There were 40 households, of which 27.5% had children under the age of 18 living with them, 45.0% were married couples living together, 12.5% had a female householder with no husband present, 2.5% had a male householder with no wife present, and 40.0% were non-families. 27.5% of all households were made up of individuals, and 10% had someone living alone who was 65 years of age or older.
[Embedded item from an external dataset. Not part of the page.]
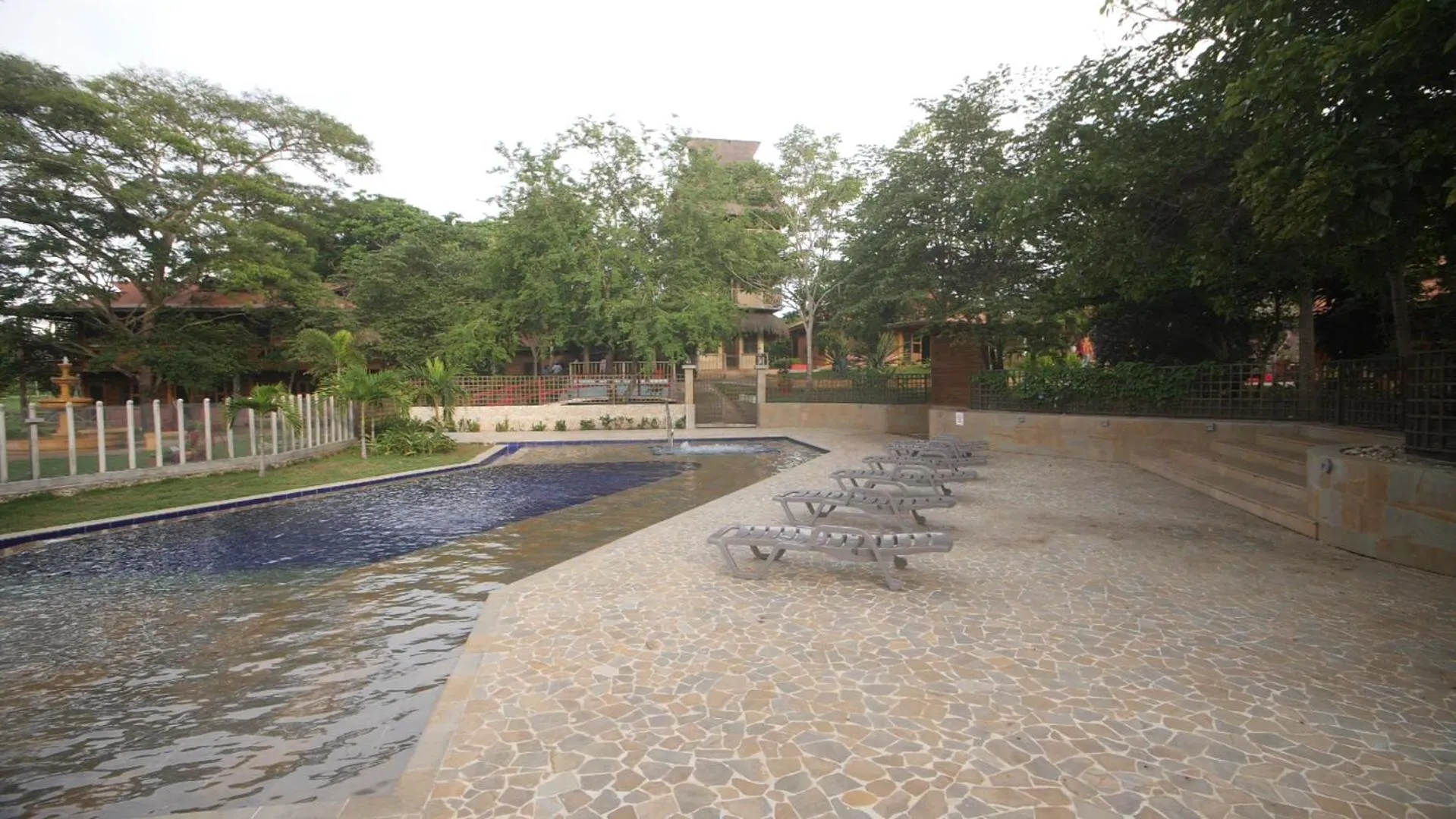 Swimming pool in Samadhi Ecohotel by Rotamundos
The average household size was 2.35 and the average family size was 3.00.

The median age in the town was 41.5 years. 24.5% of residents were under the age of 18; 3.1% were between the ages of 18 and 24; 26.6% were from 25 to 44; 32.9% were from 45 to 64; and 12.8% were 65 years of age or older. The gender makeup of the town was 46.8% male and 53.2% female.

===2000 census===
As of the census of 2000, there were 77 people, 35 households, and 22 families residing in the town. The population density was 57.3 PD/sqmi. There were 53 housing units at an average density of 39.4 /sqmi. The racial makeup of the town was 61.04% White, 35.06% Native American, and 3.90% from two or more races. Hispanic or Latino of any race were 1.30% of the population.
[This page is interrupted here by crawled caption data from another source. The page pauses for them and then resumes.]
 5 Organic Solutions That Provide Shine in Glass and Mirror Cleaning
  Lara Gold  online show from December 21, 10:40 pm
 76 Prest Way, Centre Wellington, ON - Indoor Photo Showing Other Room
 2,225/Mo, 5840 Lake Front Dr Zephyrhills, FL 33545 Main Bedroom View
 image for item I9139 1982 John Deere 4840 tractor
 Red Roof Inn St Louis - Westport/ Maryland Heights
There were 35 households, out of which 20.0% had children under the age of 18 living with them, 54.3% were married couples living together, 5.7% had a female householder with no husband present, and 37.1% were non-families. 31.4% of all households were made up of individuals, and 14.3% had someone living alone who was 65 years of age or older. The average household size was 2.20 and the average family size was 2.77.

In the town, the population was spread out, with 22.1% under the age of 18, 6.5% from 18 to 24, 27.3% from 25 to 44, 32.5% from 45 to 64, and 11.7% who were 65 years of age or older. The median age was 40 years. For every 100 females, there were 108.1 males. For every 100 females age 18 and over, there were 93.5 males.
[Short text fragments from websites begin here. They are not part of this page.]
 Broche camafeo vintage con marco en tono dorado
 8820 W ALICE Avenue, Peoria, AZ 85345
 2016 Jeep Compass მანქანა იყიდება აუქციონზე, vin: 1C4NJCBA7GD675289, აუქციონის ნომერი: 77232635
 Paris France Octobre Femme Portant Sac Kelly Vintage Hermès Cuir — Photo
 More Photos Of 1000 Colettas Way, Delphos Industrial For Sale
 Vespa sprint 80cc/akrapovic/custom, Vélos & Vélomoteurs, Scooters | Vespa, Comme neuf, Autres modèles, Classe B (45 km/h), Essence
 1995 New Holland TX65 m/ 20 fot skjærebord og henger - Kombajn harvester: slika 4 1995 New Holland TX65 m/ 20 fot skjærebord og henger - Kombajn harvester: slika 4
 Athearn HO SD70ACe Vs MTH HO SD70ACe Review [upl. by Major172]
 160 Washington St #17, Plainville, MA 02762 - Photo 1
The median income for a household in the town was $31,719, and the median income for a family was $32,500. Males had a median income of $11,250 versus $21,750 for females. The per capita income for the town was $27,247. There were no families and 8.8% of the population living below the poverty line, including no residents younger than eighteen and none over 64.